[Opening Data section]

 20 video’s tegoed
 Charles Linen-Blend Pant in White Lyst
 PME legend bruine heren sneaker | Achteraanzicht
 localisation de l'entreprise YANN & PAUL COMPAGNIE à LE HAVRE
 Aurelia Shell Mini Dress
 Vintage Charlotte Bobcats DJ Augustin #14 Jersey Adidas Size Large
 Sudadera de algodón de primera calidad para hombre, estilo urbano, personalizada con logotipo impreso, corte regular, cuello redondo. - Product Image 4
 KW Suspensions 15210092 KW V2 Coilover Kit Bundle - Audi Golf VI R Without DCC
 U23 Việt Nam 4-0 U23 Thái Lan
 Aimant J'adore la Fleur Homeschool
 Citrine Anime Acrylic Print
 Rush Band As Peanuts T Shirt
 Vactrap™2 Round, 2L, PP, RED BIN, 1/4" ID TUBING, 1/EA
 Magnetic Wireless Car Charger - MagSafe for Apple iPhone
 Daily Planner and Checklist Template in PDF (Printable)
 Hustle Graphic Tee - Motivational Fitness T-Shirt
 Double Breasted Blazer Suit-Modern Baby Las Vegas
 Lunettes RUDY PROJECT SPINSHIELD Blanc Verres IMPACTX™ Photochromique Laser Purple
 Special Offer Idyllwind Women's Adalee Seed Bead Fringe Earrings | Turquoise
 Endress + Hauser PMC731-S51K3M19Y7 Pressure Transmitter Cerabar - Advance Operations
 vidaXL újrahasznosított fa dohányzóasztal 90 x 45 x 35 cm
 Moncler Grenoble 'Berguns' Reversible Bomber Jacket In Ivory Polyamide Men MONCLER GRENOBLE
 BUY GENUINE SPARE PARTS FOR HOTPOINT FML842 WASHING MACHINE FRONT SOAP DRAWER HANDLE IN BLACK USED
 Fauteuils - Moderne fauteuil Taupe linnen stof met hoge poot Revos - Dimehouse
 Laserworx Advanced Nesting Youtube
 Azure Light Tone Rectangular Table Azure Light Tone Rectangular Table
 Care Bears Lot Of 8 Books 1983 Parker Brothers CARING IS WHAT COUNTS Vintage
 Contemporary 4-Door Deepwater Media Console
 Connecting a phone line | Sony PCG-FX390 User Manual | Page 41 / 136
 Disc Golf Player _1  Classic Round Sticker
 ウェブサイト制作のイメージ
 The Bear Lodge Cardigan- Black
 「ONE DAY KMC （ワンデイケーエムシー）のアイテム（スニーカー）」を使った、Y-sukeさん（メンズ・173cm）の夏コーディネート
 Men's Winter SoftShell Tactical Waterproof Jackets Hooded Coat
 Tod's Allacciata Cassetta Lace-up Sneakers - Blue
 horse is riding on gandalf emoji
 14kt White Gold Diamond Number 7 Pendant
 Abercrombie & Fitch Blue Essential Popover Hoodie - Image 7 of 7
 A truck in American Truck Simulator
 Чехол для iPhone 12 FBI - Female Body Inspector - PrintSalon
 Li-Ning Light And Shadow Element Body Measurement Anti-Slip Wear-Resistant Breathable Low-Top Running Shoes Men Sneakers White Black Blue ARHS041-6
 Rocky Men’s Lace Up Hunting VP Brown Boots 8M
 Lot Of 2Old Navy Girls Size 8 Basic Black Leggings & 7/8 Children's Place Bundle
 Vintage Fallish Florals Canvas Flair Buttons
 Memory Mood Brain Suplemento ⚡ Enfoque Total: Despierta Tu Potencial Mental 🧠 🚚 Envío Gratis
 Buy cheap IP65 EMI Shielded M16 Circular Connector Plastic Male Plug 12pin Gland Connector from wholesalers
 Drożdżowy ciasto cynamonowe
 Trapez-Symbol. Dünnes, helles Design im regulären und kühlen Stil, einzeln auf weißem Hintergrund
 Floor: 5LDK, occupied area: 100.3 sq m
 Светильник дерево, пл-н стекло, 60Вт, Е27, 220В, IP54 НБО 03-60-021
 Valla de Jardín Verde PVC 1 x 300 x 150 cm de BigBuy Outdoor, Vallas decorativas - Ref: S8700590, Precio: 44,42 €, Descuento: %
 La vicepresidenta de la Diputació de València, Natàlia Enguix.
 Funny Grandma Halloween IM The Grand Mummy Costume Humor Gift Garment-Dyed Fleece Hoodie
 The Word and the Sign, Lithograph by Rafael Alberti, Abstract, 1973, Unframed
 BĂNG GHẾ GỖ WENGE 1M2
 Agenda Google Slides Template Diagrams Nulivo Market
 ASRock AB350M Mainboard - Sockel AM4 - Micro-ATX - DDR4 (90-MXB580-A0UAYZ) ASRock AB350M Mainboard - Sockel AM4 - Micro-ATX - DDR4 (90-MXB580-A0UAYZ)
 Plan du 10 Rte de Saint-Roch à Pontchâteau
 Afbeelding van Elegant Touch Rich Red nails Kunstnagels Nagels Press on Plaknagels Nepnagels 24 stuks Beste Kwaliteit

[Closing Data section]

Transcribe only the lines from the beginning of the entries to the line with "Vintage Charlotte Bobcats", inclusive, exactly as written.

Result of this task:
 20 video’s tegoed
 Charles Linen-Blend Pant in White Lyst
 PME legend bruine heren sneaker | Achteraanzicht
 localisation de l'entreprise YANN & PAUL COMPAGNIE à LE HAVRE
 Aurelia Shell Mini Dress
 Vintage Charlotte Bobcats DJ Augustin #14 Jersey Adidas Size Large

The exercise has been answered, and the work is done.